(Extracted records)
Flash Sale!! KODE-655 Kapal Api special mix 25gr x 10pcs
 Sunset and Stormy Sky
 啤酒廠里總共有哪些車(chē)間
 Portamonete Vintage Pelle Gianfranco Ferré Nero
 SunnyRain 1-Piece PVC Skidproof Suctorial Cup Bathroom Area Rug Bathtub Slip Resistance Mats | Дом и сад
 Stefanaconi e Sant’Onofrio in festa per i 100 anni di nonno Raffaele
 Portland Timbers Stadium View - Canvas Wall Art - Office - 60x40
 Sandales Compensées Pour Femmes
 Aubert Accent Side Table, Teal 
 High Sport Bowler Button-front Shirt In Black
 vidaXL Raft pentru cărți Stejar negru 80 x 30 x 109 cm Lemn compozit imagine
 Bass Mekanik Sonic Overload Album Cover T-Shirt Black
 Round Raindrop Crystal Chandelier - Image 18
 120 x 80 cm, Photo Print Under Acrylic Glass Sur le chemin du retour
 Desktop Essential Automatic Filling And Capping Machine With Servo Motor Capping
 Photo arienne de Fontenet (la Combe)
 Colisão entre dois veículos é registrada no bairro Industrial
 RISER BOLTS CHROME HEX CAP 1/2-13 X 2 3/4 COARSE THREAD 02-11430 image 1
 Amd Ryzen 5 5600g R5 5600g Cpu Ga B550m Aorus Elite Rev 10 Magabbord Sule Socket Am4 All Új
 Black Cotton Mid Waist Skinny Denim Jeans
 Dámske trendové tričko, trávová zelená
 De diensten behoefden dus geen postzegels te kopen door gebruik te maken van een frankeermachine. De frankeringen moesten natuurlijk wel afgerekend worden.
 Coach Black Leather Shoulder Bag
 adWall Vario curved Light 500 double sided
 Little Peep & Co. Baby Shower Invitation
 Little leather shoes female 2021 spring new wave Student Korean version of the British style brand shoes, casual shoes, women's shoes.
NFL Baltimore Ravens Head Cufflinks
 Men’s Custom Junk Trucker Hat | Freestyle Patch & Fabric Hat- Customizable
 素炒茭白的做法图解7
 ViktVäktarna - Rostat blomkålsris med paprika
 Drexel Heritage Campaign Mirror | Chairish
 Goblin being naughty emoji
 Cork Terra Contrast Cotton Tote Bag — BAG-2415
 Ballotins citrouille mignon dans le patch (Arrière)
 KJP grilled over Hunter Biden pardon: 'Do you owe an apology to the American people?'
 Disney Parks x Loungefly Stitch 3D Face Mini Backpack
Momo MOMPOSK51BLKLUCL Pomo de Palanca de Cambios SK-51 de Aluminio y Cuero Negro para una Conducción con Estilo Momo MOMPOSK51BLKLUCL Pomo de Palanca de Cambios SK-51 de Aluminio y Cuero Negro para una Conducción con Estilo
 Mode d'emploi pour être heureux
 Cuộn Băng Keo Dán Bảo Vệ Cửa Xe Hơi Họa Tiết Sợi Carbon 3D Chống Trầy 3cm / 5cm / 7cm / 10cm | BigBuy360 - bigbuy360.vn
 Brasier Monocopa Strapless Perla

ASSIGNMENT >> Pull each line containing the word "Little" out of the data above.

REPLY >>
 Little Peep & Co. Baby Shower Invitation
 Little leather shoes female 2021 spring new wave Student Korean version of the British style brand shoes, casual shoes, women's shoes.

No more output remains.